It was Thatcher's Right to Buy which decimated the UK's core core of social rented LA Housing stock leading to profiteering and the rise of the buy to let landlord market rent chemes favoured by successive Tory Governments.
 
Successive Governments did enable all LAs to build fair rent Council Housing in massive numbers after the WW2 and then social housing through Housing Corporation grant-aided HAs, dutchguy... and all throughout the 80s when I first got involved. Council Housing was passed to HAs via ALMOs [Arms Length Management Organisations] to try to sideline Right to Buy by creating housing charity trusts but Cameron brought back Right to Buy again.

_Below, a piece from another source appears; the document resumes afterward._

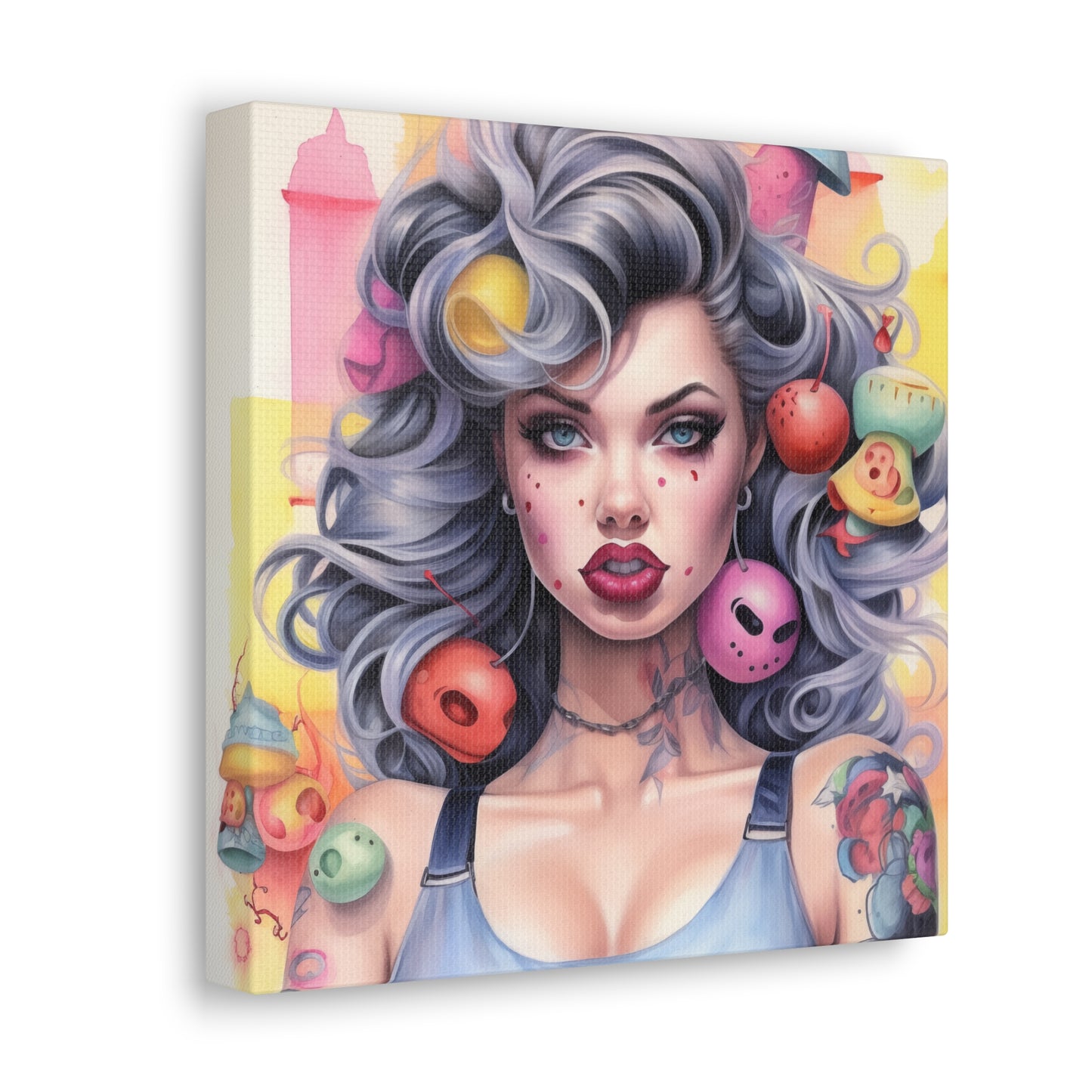 Gallery Wrapped Canvas, Tattooed Beauty, Femme Doll Pop Art Canvas – Lila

It was Thatcher's Right to Buy which decimated the UK's core core of social rented LA Housing stock leading to profiteering and the rise of the buy to let landlord market rent chemes favoured by successive Tory Governments.
Yeah it's the same in the Netherlands, Belgium, i believe Germany too, after the second world war they build lots of social housing, but look at the situation now and it's all the same, long waiting lists, no lack of new houses being build, just the lack of new houses that are social housing.
In the 80's they blamed to much children being born, then the immigrants, now the second homes, it are all excuses that enable those in power to pretend to do something about it while they actually put a tiny plaster on a gaping wound.
 

matticus

Guru
I don't see this changing in my lifetime, unless we get a total Unicorn into power.

Who wants the housing market to keep working as it does? And who are the people in power?